Sadece ne zaman bırakacaklarını bilmiyorlar! Wang Baole kaşlarını çattı. Onları görmezden geldi ve Mistik İz Sisinin oluşacağı bölgenin merkezine ulaşana kadar adımlarını hızlandırdı. Çevreyi inceledi ve aniden döndü. Koşmaya devam etmek yerine sağ elini kaldırdı ve kılıcını olan yedinci sınıf Dharmic Silahını çıkardı. Kılıcın süpürülmesiyle, yere elli metre genişliğinde yarıçaplı bir daire çizdi.
Çemberin ortasında, elinde Dharmic Silahıyla kıpırdamadan durdu ve uzaktaki ormana soğuk bir şekilde baktı. Kısa süre sonra, birden fazla gölge dışarı fırladı ve Wang Baole’nin etrafını sardı.
“Bu çembere giren ölür!” Wang Baole etrafındaki insanlara soğuk bir şekilde baktı. Kılıcını kavradı, bıçağının ucu yere dönüktü, sesinin tonu rahattı.
Hafif yuvarlak vücudundan aniden yoğun bir savaş havası patladı. Siyah bir kasırga etrafını sararak hızla toplanan sisi örttü. Kara kasırganın içinde vahşi bir dev timsah belirdi.
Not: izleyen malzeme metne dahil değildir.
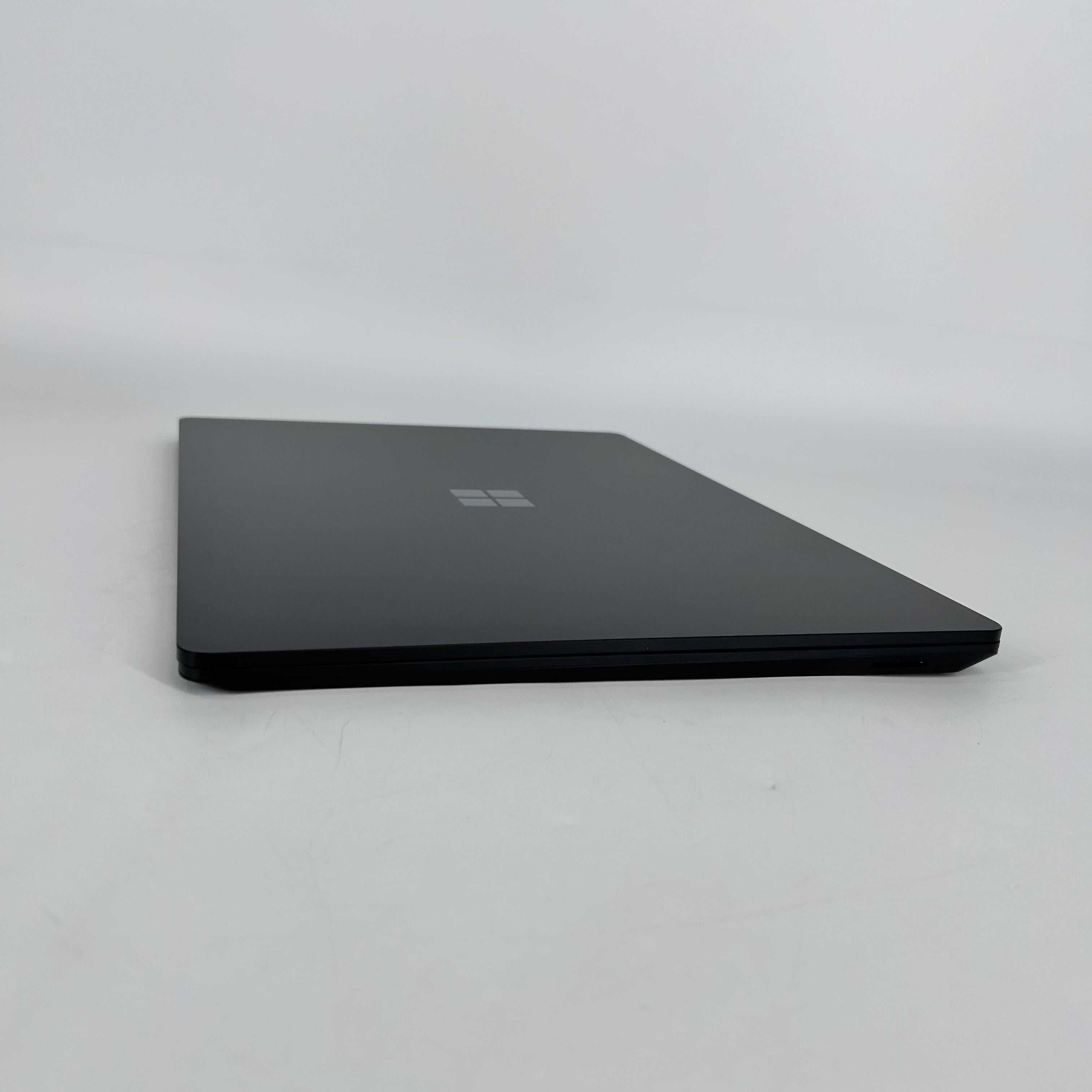 Microsoft Surface Laptop 4 15 Black 3.0 GHz Intel Core i7 11th Gen. 32GB RAM 1TB Solid State Drive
Püsküren ruh enerjisi kükredi ve gökyüzüne yükseldi. Havada ölüm belirdi ve Wang Baole’nin sözleriyle birlikte soğuk, acımasız bir aura dışarı doğru yükseldi. Saldırganlar çevre sıcaklığında ani bir düşüş hissedebiliyorlardı.
Sözleri, kan lekeli kıyafetleri ve buz gibi bakışlarıyla birlikte, onu duyan tüm yetişimcileri alarma geçiren ve onları iliklerine kadar sarsan şaşırtıcı bir güçle dolu gibiydi. Sanki… Ölüm Tanrısı’ndan bir uyarı!
Yavaş yavaş, Wang Baole’nin etrafındaki yetişimciler derin nefes almaya başladılar. Hepsi son derece gergin ve temkinliydi ve hemen yaklaşmadılar. Çember ve onun ortasında duran kişi onları büyük bir şok haline getirmişti. Aptal değillerdi. Zhou Fei ile savaşmış ve hayatta kalmış biri neredeyse hiç de zayıf olamazdı!
Sonuç olarak… Ormanda, çemberinin ortasındaki Wang Baole ya da onu çevreleyen gelişimci grubu olsun, hepsi yavaş yavaş sessizliğe büründü. Sadece nefes alıp vermekle bozulan ölümcül bir sessizlik alana çöktü!